For the monomer modification graphical rendering, the situation is
somewhat different, as seen in the \filename{modification\_dictionary}
file:
\begin{verbatim}
# This file is part of the massXpert project.
# The "massXpert" project is released ---in its entirety--- under the
# GNU General Public License and was started (in the form of the GNU
# polyxmass project) at the Centre National de la Recherche
# Scientifique (FRANCE), that granted me the formal authorization to
# publish it under this Free Software License.
# Copyright (C) 2006,2007 Filippo Rusconi
# This is the modification_dictionary file where the correspondences
# between the name of each modification and their graphic file (pixmap
# file called "image") used to graphicallly render them in the
# sequence editor are made.

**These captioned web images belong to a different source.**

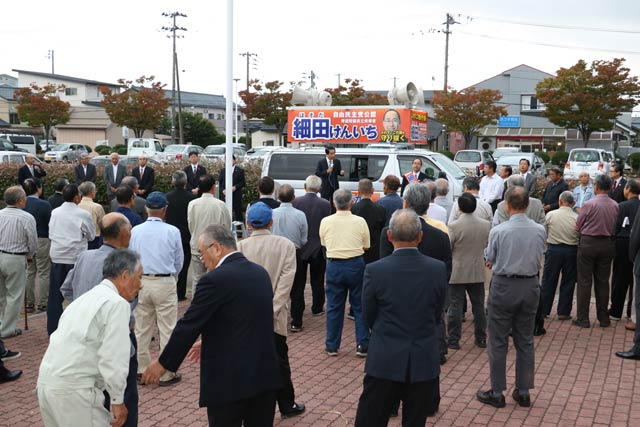 集まった支持者ら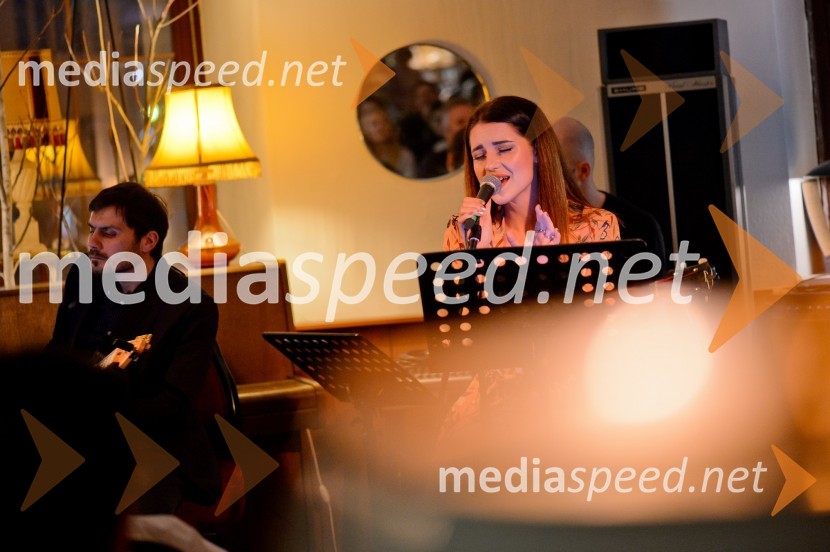  Maja Keuc, pevkaMaja Keuc, koncert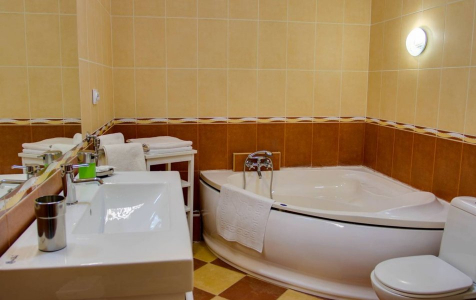 Люкс 4-местный 2-комнатный с двумя балконами и видом на море, фото 6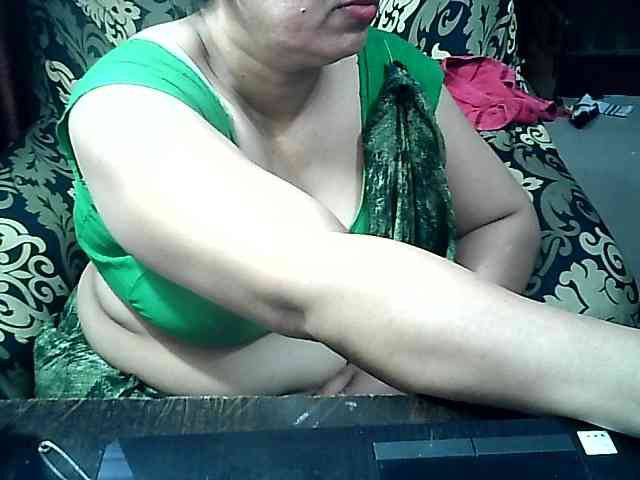 Indianbhabhimilf40 webcam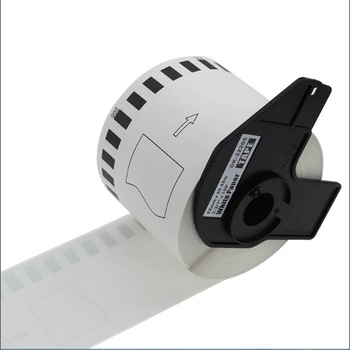 Eticheta Brother DK22205 compatibila, 62mm x 30.48mm, suport de plastic inclus, modul continuu hartie Eticheta Brother DK22205 compatibila, 62mm x 30.48mm, suport de plastic inclus, modul continuu hartie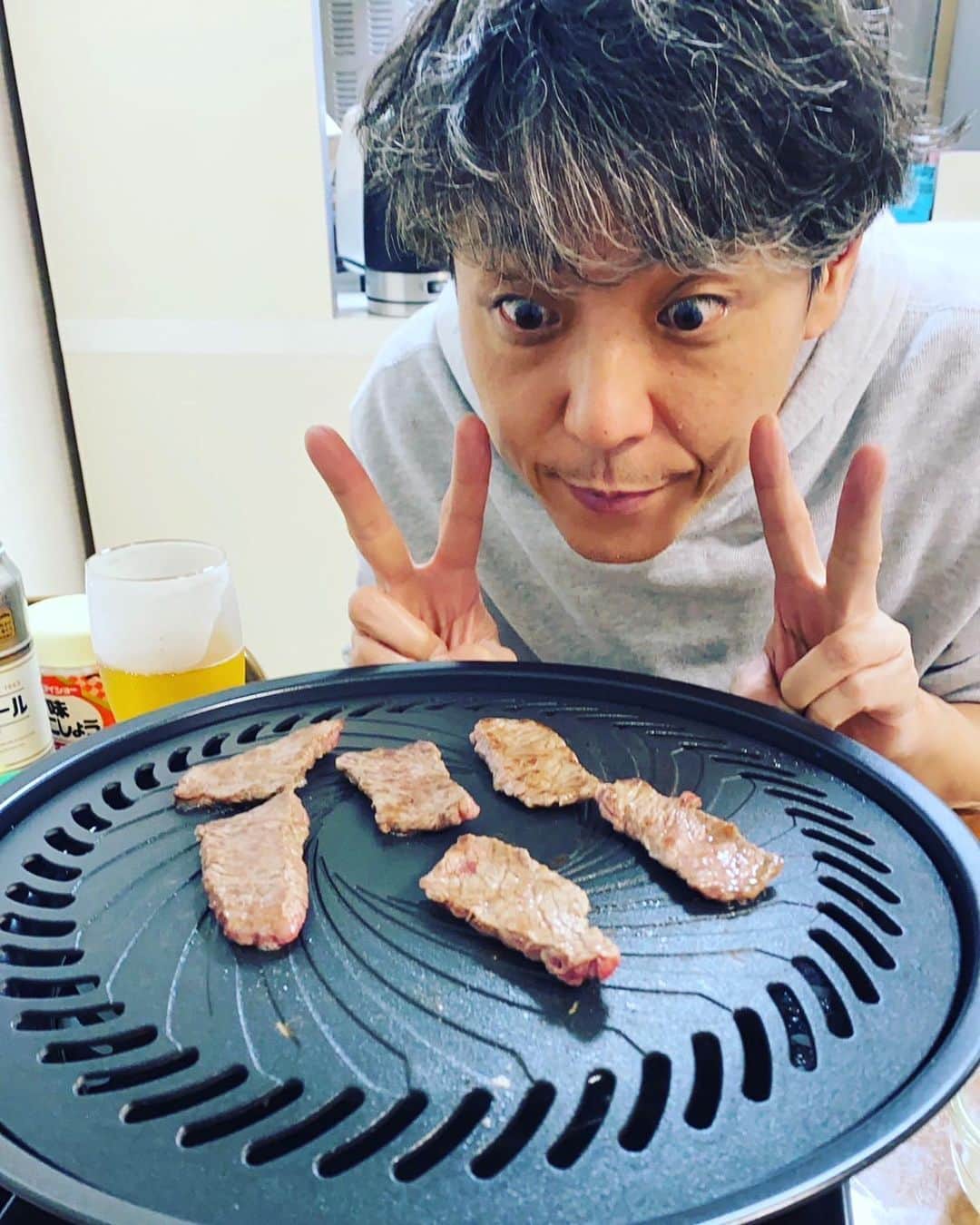 黒川忠文のインスタグラム：「Iwataniの焼き肉プレート購入 これまではホットプレートで焼いてたけど、ガス火🔥の方が美味い 煙もあんまり出ませんコレ」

Also, the graphical operation that is to
# be performed upon chemical modification of a monomer is listed ('T'
# for transparent and 'O' for opaque). See the manual for details.
# The format of the file is like this :
# -------------------------------------
# Phosphorylation%T%phospho.svg
# where Phosphorylation is the name of the modification. T indicates
# that the visual rendering of the modification is a transparent
# process (O indicates that the visual rendering of the modification
# is a full image replacement 'O' like opaque). phospho.svg is a
# resolution-independent svg file.
# Each line starting with a '#' character is a comment and is ignored
# during parsing of this file.
# This file is case-sensitive.
Phosphorylation%T%phospho.svg
Sulphation%T%sulpho.svg
AmidationAsp%O%asparagine.svg
Acetylation%T%acetyl.svg
AmidationGlu%O%glutamine.svg
Oxidation%T%oxidation.svg
\end{verbatim}
\noindent There are two ways to render a chemical modification of a
monomer: \medskip
\begin{itemize}
\item \textbf{Opaque} rendering: the initial monomer vignette is
replaced using the one listed in the file for the modification. This
is visible in the \verb|AmidationGlu\%O\%glutamine.svg| line: when a
monomer is (typically that would be a Glu monomer) is amidated, the
graphical representation of the modification process should involve
the \textit{replacement} of the old vignette in the sequence editor
with the new one (in the example, the new vignette should be
rendered using the \filename{glutamine.svg} file. In other words,
the process involves an ``\textbf{O}paque'' overlay of the vignette
for unmodified Glu with a vignette rendered by using the
\filename{glutamine.svg} file.
\item textbf{Transparent} rendering: the initial monomer vignette is
overlaid with one new vignette that is rendered using a
\fileformat{svg} file that is transparent (unless for the graphical
motif to be made visible, of course). One example is the
``Phosphorylation'' modification (line
\verb|Phosphorylation%T%phospho.svg|), for which the monomer being
phosphorylated has its vignette in the sequence editor overlaid with
a ``\textbf{T}ransparent'' one which only shows a small red 'P' and
that is rendered using the \filename{phospho.svg} file.
\end{itemize}
\noindent The way new \fileformat{svg} files might be edited is using
the following programs: \medskip
\begin{itemize}
\item \progname{Inkscape}: on \OSname{GNU/Linux} and \OSname{MS-Windows};
\item \progname{Karbon}: on \OSname{GNU/Linux};
\end{itemize}
\noindent In general, the best thing to do is to convert text to path,
so that the rendering is absolutely perfect.
\bigskip
\fbox{\parbox{0.9\textwidth}{It is absolutely essential, for the proper
working of the sequence editor, that the \fileformat{svg} files be
square (that is, width = height).}}
\bigskip
Once the new polymer chemistry has been correctly defined, it is time
to register that new definition to the system. To recap: all the files
for that definition should reside in a same directory, exactly the
same way as the files pertaining to a given polymer chemistry
definition are shipped in \mXp\ altogether in one directory. The name
of the new polymer chemistry definition should be unambiguous, with
respect to other registered polymer chemistry definitions.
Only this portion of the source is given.